Attaching a patch which should address all of the individual comments:
assertAllResultsEqual - for loop can just start with i = 1? Also if the collection objects is of size zero or one, the method can return early. Is there a need to do object.toArray() for these early checks? With that, perhaps the findbugs exclude may not be necessary.
Good thinking re: starting the loop at 1 and exiting early. Even with that, I don't think the findbugs exclude can be removed. The issue is this: "(currElement == null && currElement != lastElement)". In that code we know that currElement is equal to null, and then we compare the known-null value to something else. This is correct, and even though I could have explicitly compared lastElement to null, this seemed clearer to me. Let me know if you disagree.
Unit test can be added for methods isAtLeastOneActive, getRpcAddressesForNameserviceId and getProxiesForAllNameNodesInNameservice (I am okay if this is done in a separate jira)
Done. I added a single unit test which wouldn't work if any of the three of these were broken, since isAtLeastOneActive by definition uses the other two.
Finalizing upgrade is quite tricky. Consider the following scenarios:
See below for comments on this.
Why is throw new AssertionError("Unreachable code."); in QuorumJournalManager.java methods?
These methods have to have to either return something or unconditionally throw an exception. In fact this method will always either return a value (when all JNs are up and responsive) or else will throw an exception. However, the compiler can't discern this, so I put in these exceptions to placate it. It was Todd's suggestion to throw AssertionError specifically. See his comment on
HDFS-5138 on 2014/01/07.
FSImage#doRollBack() - when canRollBack is false after checking if non-share directories can rollback, an exception must be immediately thrown, instead of checking shared editlog.
I don't think I agree with this.
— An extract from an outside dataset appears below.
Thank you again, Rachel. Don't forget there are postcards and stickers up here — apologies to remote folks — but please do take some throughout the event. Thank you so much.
Imagine a scenario where an earlier rollback attempt had succeeded for all the local storage dirs, but not the shared edit log. Shouldn't we continue the rollback in this case?
Also printing Log.info when storages can be rolled back will help in debugging.
Good thinking. Done.
FSEditlog#canRollBackSharedLog should accept StorageInfo instead of Storage
Good catch. Done.
QuorumJournalManager#canRollBack and getJournalCTime can throw AssertionError (from DFSUtil.assertAllResultsEqual()). Is that the right exception to expose or IOException?
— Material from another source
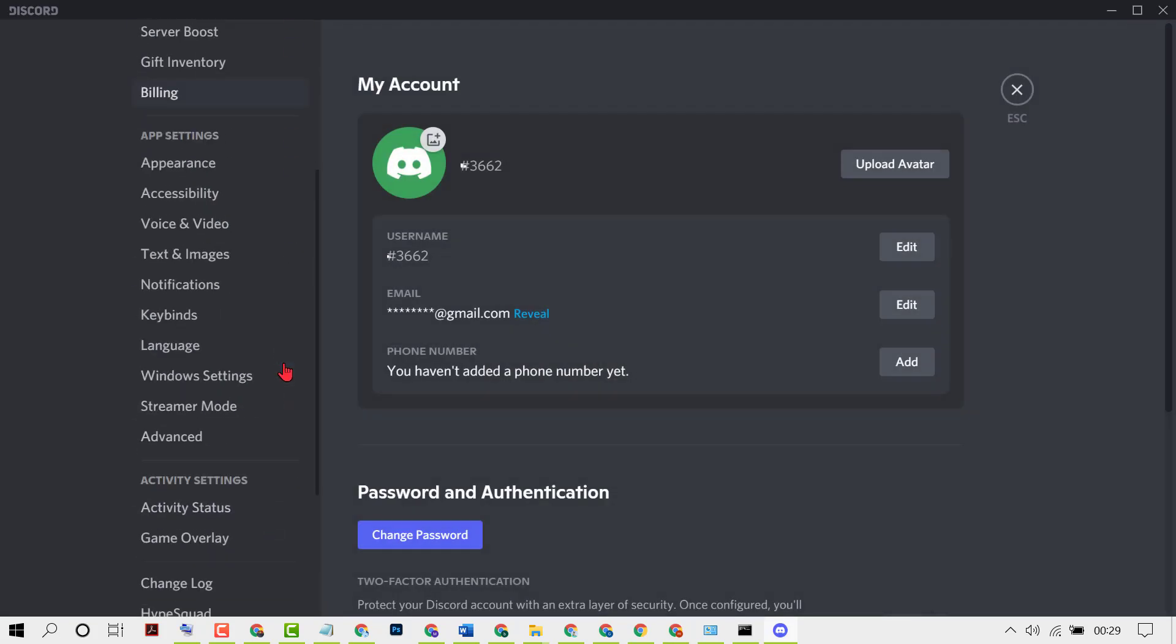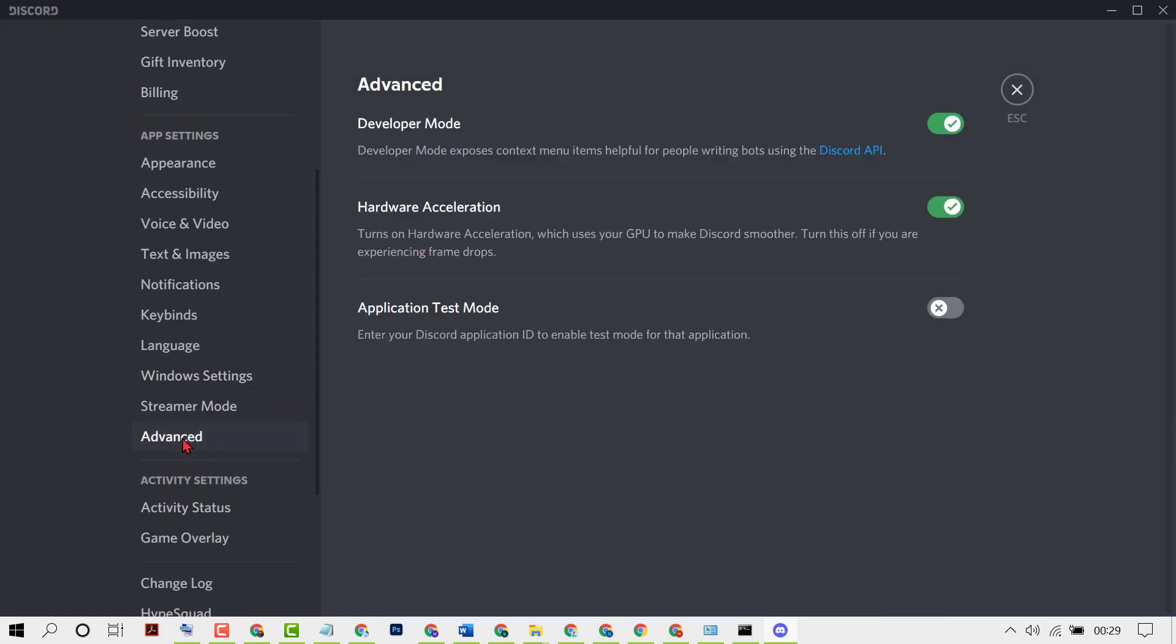Scroll down and click on Advanced. Now enable both options: Developer mode and Hardware acceleration. Turn on both options, then close it.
I don't think it actually makes a functional difference, since in either case we bail out of the process, but I've changed it nonetheless since we tend to favor IOExceptions throughout the codebase.
Namenode startup throws AssertionError with -rollback option. I think we should throw IOException, which is how all the other failures are indicated.
Note that this code shouldn't be reachable anymore from actually running the command since NameNode#doRollback doesn't actually start the NN daemon anymore - just performs the rollback and shuts down. I only left this in there to make sure that in the future we don't inadvertently reintroduce the old behavior somehow. Given this, I think we should leave it as an AssertionError. Do you agree?
I've also updated the documentation as you suggested.
As for handling the partial upgrade failure as you've described, I'd like to add one more RPC call to the JournalManager to initiate analysis/recovery of the storage dirs upon first contact, and then refactor the contents of FSImage#recoverStorageDirs into NNUpgradeUtil just like was done with the other upgrade-related procedures. If this sounds OK to you, I'll go ahead and add that stuff and appropriate tests.